[183426] in North American Network Operators' Group
Re: NetFlow - path from Routers to Collector
daemon@ATHENA.MIT.EDU (Roland Dobbins)
Tue Sep 1 20:06:06 2015
X-Original-To: nanog@nanog.org
From: "Roland Dobbins" <rdobbins@arbor.net>
To: nanog@nanog.org
Date: Wed, 02 Sep 2015 07:05:08 +0700
In-Reply-To: <6A1F6D3E-7AEE-4DF1-BA36-B6326AB872FF@puck.nether.net>
Errors-To: nanog-bounces@nanog.org
On 2 Sep 2015, at 5:49, Jared Mauch wrote:
> Other platforms (e.g.: IOS-XR based) have issues with the MgmtEther
> interfaces which make them inoperable for many use-cases.
I'm agreeing with you. Dedicated management ports on many boxes don't
actually support important management-plane functions, like flow
telemetry - which is nuts, but that's what happens.
> There are many technical details that are easily overlooked by those
> not using the routers to their abilities, so a small network (as Wes
> mentioned before with 2500s/T1s) still as OOB is unlikely to see
> data rates comparable to what is seen from a large router exporting
> data from hundreds of
> gigs of flows.
That's true. I understand that even on large networks, the OOB/DCN is
built from old, grandfathered equipment.

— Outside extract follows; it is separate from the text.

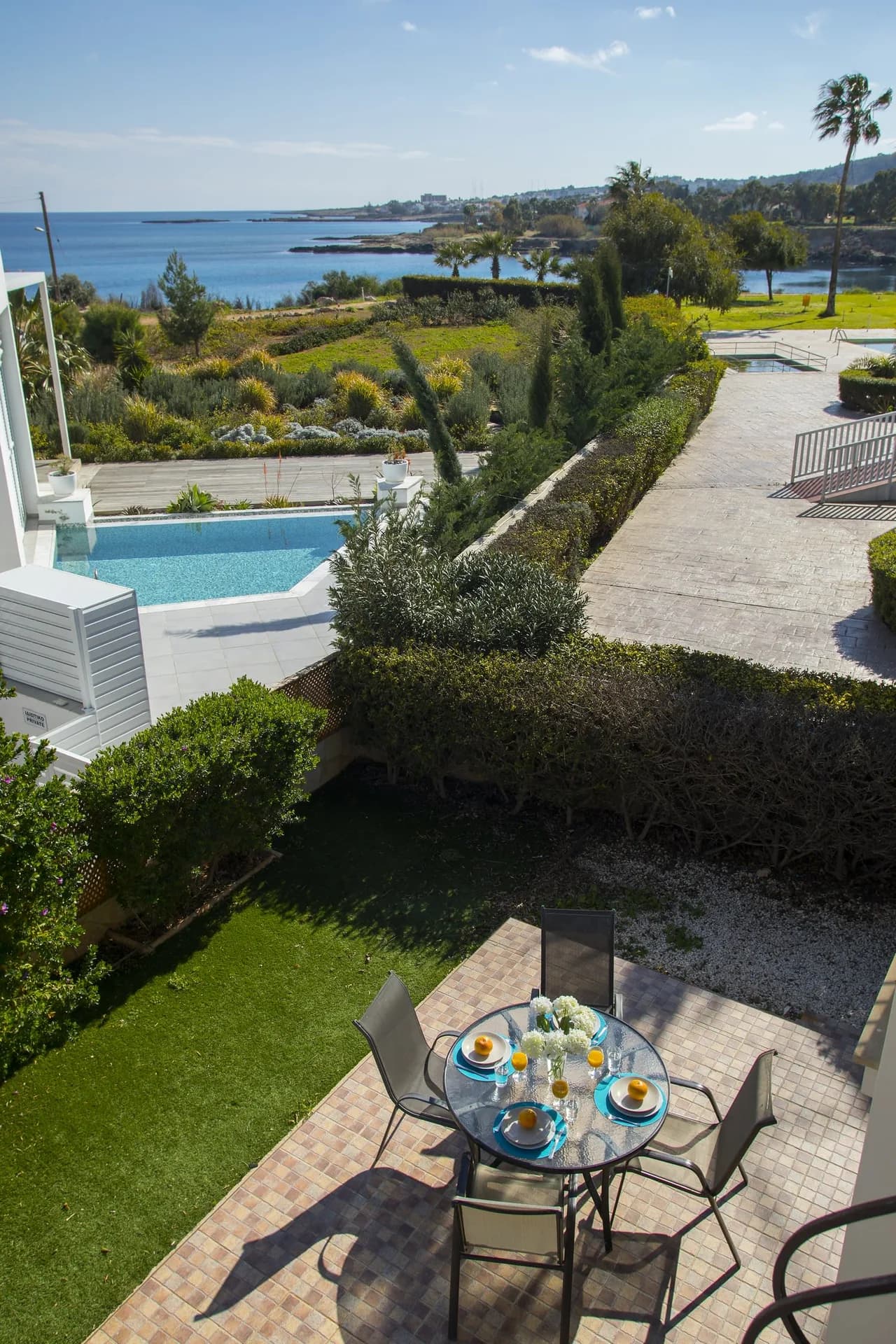 Modern Villa With A Stunning Pool photo 2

I spend a lot of time helping
network operators calculate optimal flow sampling rates, flow cache
sizes, etc., and an important consideration in making optimal
configuration choices is what the OOB/DCN network can handle.

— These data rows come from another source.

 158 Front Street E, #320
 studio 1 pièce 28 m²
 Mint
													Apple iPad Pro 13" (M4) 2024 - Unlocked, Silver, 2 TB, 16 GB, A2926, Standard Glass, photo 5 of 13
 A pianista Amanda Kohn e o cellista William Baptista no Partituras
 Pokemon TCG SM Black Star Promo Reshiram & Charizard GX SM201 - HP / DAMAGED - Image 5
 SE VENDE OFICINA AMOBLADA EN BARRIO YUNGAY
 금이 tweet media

> Often net flow vendors tell customers things that create more flow
> records which equals slightly higher data resolution but no actual net
> difference in results except for the lowest of bitrates.
Concur 100%. I spend a non-trivial amount of time talking folks down
from the assumption that unnecessarily-low flow sampling ratios are
required (these are mainly 'security' folks, not network engineers).